In a field of tall grass, shots ring out and puffs of smoke rise as soldiers re-enact the Battle of Gettysburg and America begins to mark the 150th anniversary of the turning part in the US Civil War.
About 200,000 history buffs are expected to trek to this corner of Pennsylvania over the next 10 days to relive what happened here between July 1 and July 3, 1863. The deadliest battle on US soil, with nearly 8000 dead and tens of thousands injured, delivered a fatal blow to the Confederates. It also marked the start of the southern army's retreat, although the war would take another two years to end.
"Let's draw sabres again," called out a Union cavalryman clad in blue - the colour of the North - his flag flapping proudly in the wind.
Wearing a grey cap - the colour of the South - John Baldwin called the re-enactment "fantastic".
The 61-year-old said he came here in the name of his ancestors, who were Confederates from North Carolina.

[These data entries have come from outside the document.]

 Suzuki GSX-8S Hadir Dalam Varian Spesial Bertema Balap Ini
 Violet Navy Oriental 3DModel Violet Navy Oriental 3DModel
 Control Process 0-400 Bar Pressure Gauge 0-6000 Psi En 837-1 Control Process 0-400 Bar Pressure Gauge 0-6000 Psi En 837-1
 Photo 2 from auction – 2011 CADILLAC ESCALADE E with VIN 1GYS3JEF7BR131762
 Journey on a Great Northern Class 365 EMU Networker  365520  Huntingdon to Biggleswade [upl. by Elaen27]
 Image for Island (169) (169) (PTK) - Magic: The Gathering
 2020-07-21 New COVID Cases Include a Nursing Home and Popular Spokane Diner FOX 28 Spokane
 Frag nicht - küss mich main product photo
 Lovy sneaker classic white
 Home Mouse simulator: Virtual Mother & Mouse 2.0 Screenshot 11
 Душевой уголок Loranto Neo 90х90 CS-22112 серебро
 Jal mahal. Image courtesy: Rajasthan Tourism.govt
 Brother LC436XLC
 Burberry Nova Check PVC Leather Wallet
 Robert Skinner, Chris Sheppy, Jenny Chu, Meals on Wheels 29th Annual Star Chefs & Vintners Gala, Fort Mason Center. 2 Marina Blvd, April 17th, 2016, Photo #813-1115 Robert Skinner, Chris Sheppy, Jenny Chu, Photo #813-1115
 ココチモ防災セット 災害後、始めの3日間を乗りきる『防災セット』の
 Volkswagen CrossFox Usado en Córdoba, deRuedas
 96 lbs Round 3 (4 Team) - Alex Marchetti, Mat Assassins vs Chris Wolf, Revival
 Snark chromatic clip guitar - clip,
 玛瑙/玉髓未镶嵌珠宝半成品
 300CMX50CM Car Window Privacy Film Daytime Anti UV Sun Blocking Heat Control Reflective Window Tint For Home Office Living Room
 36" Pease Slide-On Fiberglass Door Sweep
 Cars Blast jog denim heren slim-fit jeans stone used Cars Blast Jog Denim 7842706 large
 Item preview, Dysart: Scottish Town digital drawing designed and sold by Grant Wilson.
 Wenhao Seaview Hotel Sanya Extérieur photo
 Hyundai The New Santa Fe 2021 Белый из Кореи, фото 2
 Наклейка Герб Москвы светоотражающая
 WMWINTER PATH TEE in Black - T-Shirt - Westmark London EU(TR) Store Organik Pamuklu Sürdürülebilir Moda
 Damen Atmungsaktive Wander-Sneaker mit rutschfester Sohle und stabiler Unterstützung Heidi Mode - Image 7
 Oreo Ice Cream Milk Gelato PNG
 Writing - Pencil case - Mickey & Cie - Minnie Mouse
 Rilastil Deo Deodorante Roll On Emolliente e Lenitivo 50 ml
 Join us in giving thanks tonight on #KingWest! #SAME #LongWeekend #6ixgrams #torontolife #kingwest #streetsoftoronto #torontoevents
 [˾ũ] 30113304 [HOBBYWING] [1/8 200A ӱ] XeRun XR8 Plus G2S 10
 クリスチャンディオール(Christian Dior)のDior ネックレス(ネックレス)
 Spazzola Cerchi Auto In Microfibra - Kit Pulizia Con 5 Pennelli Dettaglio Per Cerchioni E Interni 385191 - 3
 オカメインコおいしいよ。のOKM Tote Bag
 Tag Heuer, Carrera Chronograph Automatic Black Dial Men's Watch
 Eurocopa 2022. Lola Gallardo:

"When you read the books, you don't see the distance and how far away the soldiers are, how large the battlefield is," he said.
About 25,000 "re-enactors" are on scene, fully decked out in period garb. They personify those present at the historic event all those years ago - General George Meade for the North and General Robert E. Lee for the South, as well as civilians and soldiers galore.
James Taub is playing the role of an infantry soldier.
"It's like getting reconnected to the past," said the 20-year-old history student from Michigan.
Nearby, women in hoop dresses twirl lace parasols on their shoulders as they stroll among an encampment consisting of large white tents.
Historian Brian Jordan pointed out the limits of re-enactments as a historical tool.
"In that search for finding the right uniform and the right gun, and re-enacting the best emotions of the war, they can escape that fundamental reality that it's about slavery."